The district court further held that Tiffany’s claim for unfair competition was governed by the same legal analysis as its infringement claims, and thus must fail for the same reasons. The district court also reasoned that Tiffany’s false advertising claim focused on the same practices that Tiffany’s direct trademark infringement claims relied on — namely, the use of the Tiffany mark on the eBay website and in sponsored links — and thus was unsuccessful for the same reasons, including that eBay’s use of the Tiffany trademark in advertising was a protected, nominative fair use of the mark.
Finally, the district court concluded that eBay’s use of the Tiffany mark was unlikely to cause dilution because eBay never used the Tiffany mark to refer to eBay’s own product. Moreover, even assuming that Tiffany could be said to have made out a claim for trademark dilution, the district court found that eBay’s use of the mark was protected by the statutory defense of nominative fair use.

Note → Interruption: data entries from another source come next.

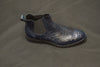 Lombardy - Genuine Ostrich & Caiman Belly Croc Lug Sole Ankle Boot - Blue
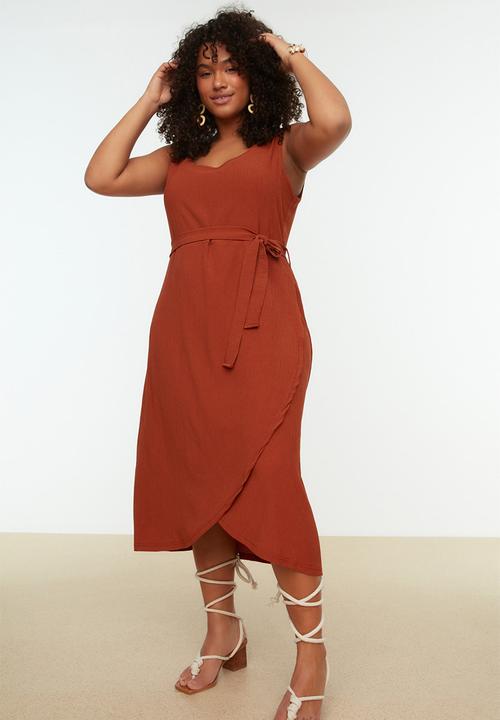 Trendyol - Belted Double Breasted Knitted Dress - Tile 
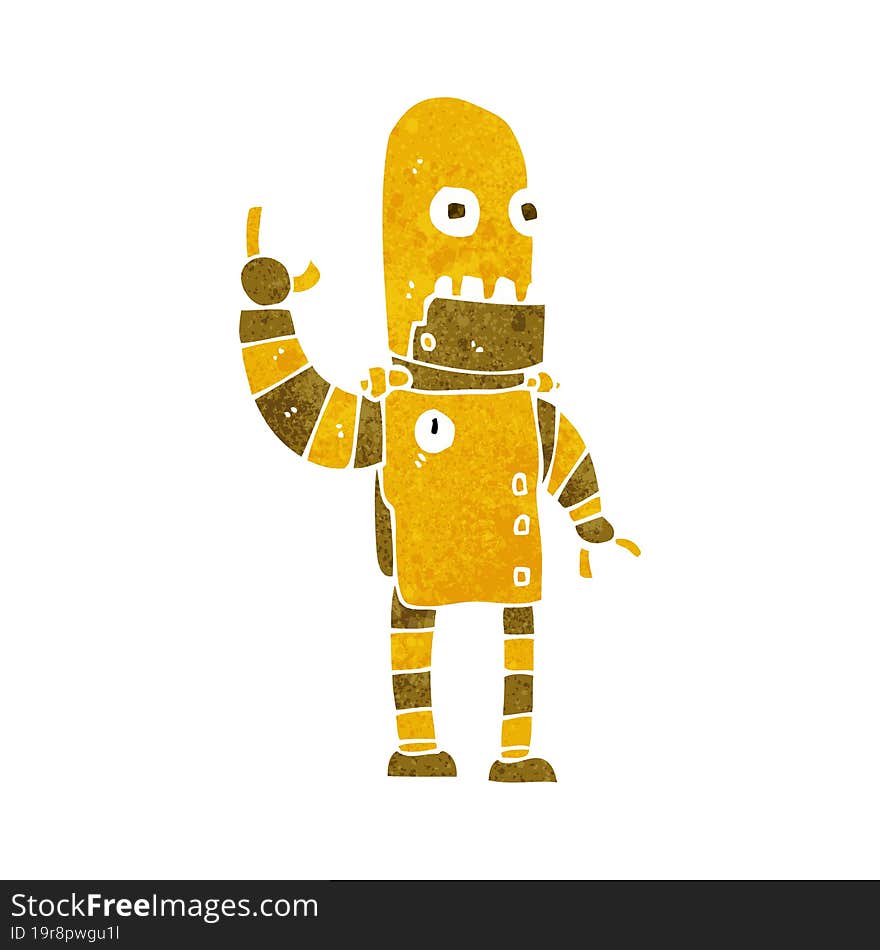 cartoon waving gold robot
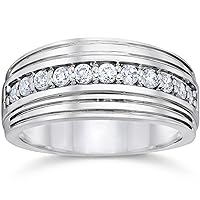 Pompeii3 10k White Gold 1/2Ct T.W. Round-Cut Natural Diamond Men's Wedding Ring High Polished Anniversary Mans Band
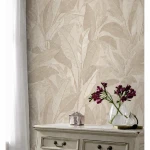 Tapeta Ekskluzywna W Beżowe Liście RE521052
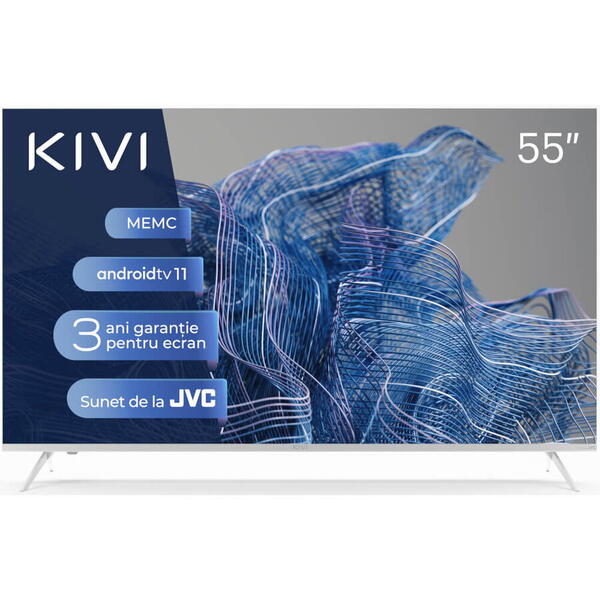 Televizor Smart LED Kivi 55U750NW, 140 cm, Ultra HD 4K, Clasa G, Alb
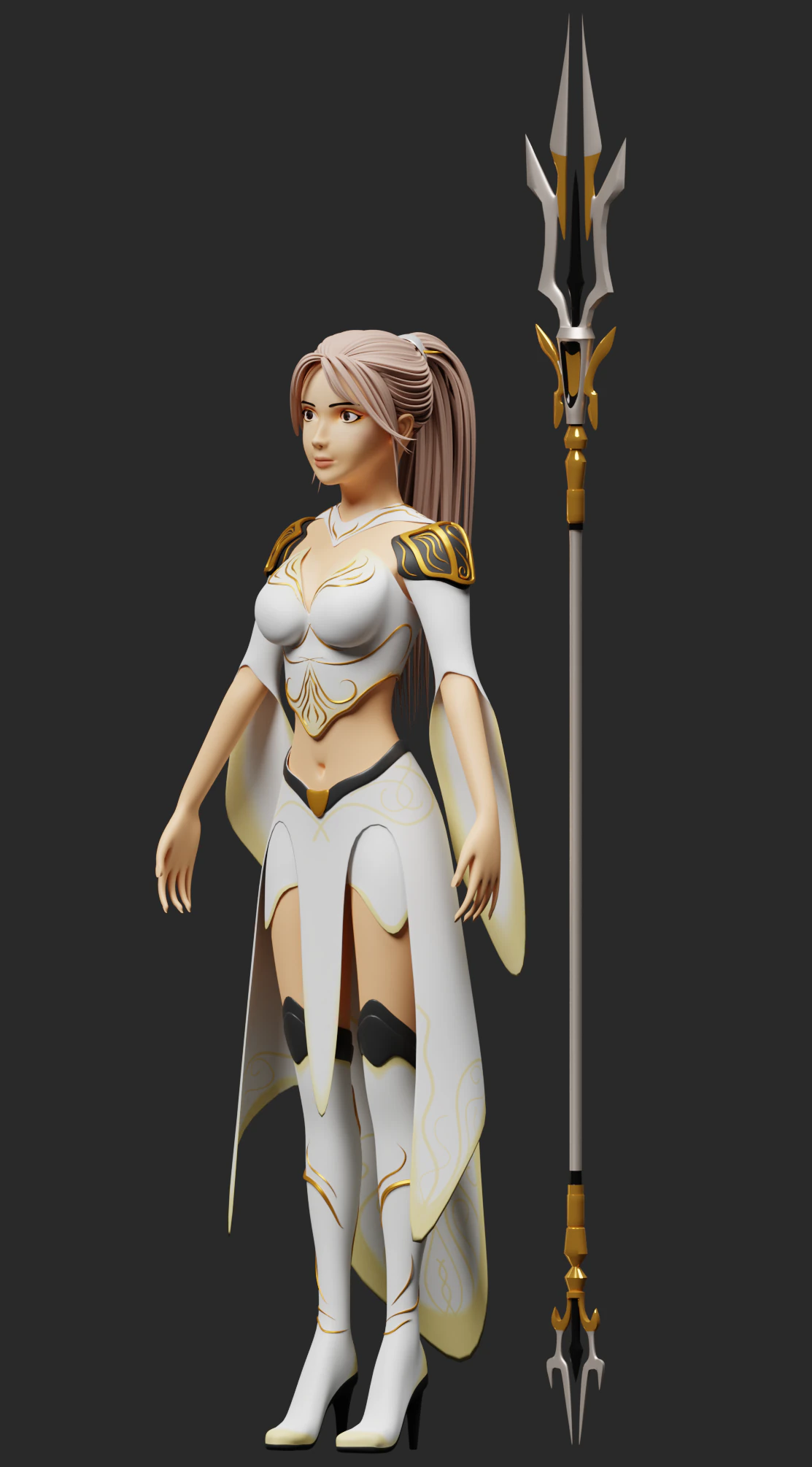 Fantasy female character with a spear 3D Model .c4d .max .obj .3ds .fbx .stl .blend 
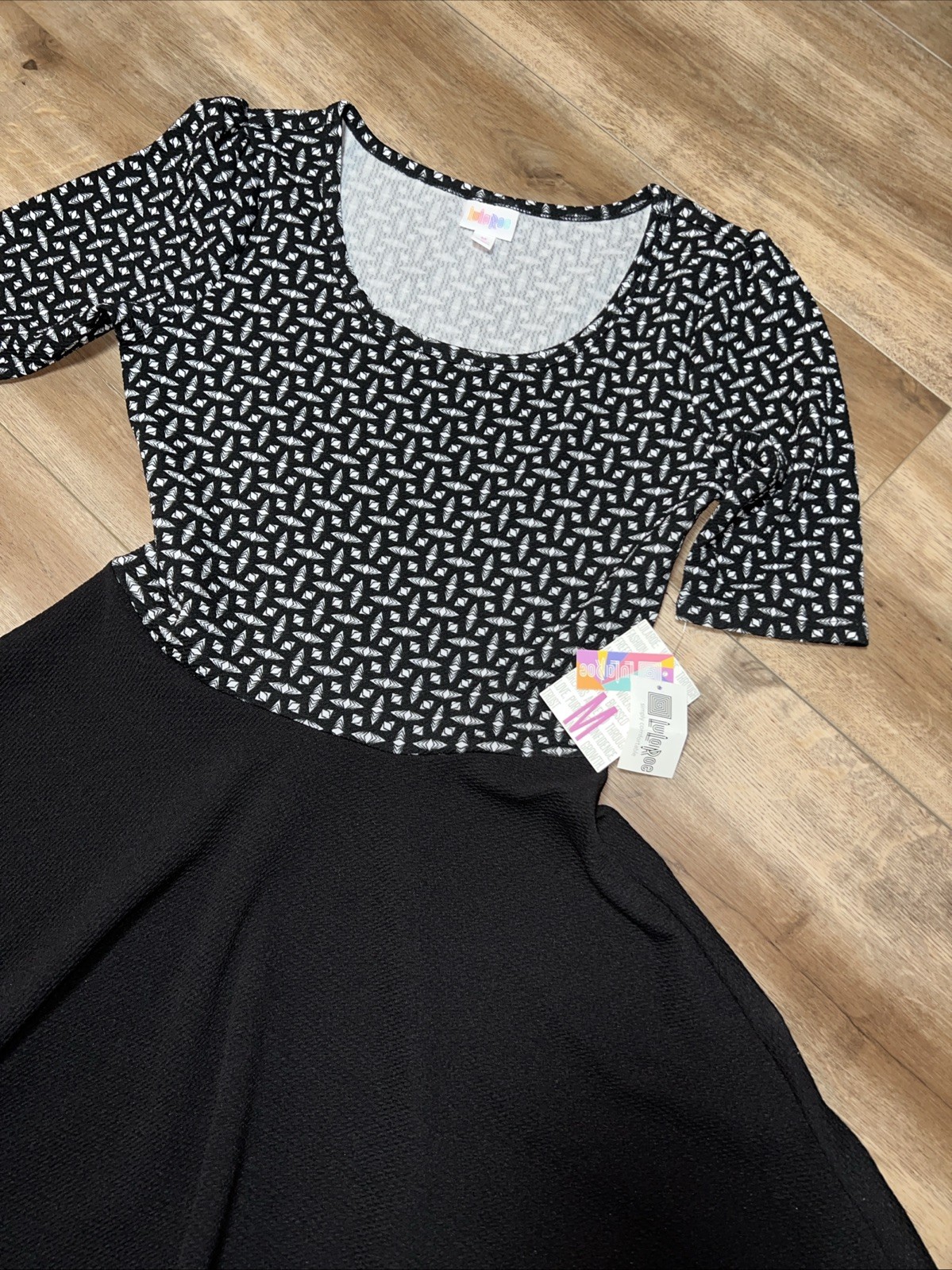 Lularoe Nicole Dress Black White 2 Print Solid Diamonds Medium 10/12 8/10 New ❤️
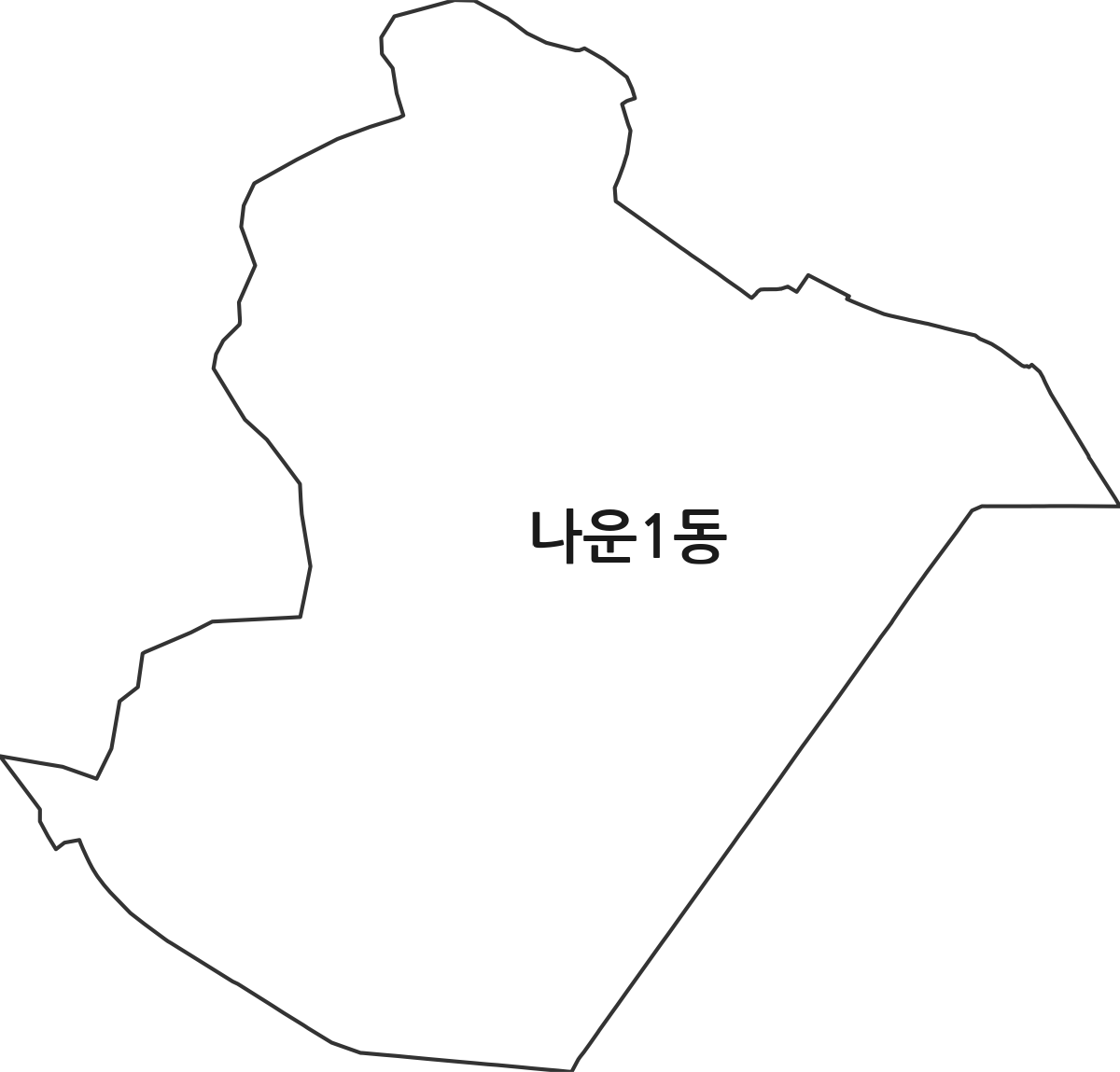 전북특별자치도 군산시 나운1동 행정동 행정구역 경계 지도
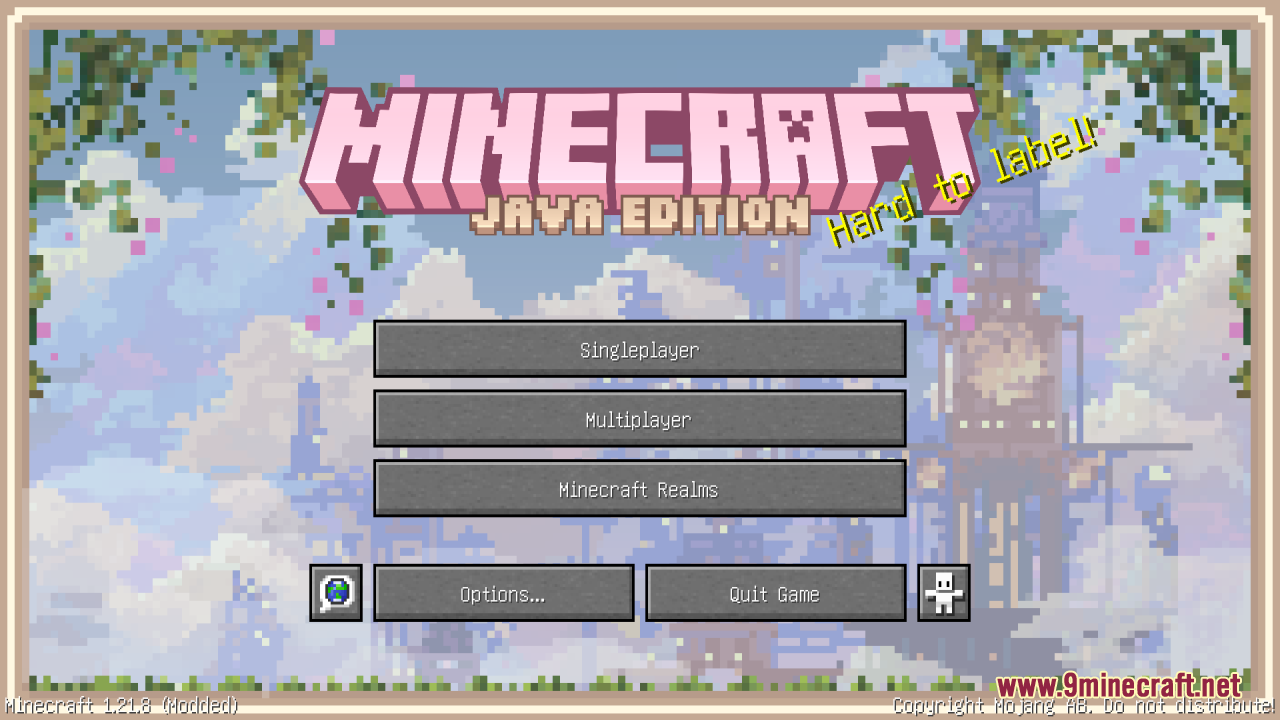 Pink Sweet GUI Resource Pack Screenshot 2 Minecraft main menu displaying a pink logo and custom pixel background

The district court’s decision stands in stark contrast to that reached just two weeks earlier by the Commercial Court of Paris in a similar dispute between eBay and LVMH Moët Hennessy Louis Vuitton (“LVMH”). In that case, the court granted a sweeping injunction that not only requires eBay to block all sales of certain counterfeit LVMH products on its site, but also to block all sales of genuine LVMH perfumes being sold there by unauthorized distributors. In addition, that decision requires eBay to pay various LVMH units $60.8 million in damages for past counterfeit or unauthorized sales.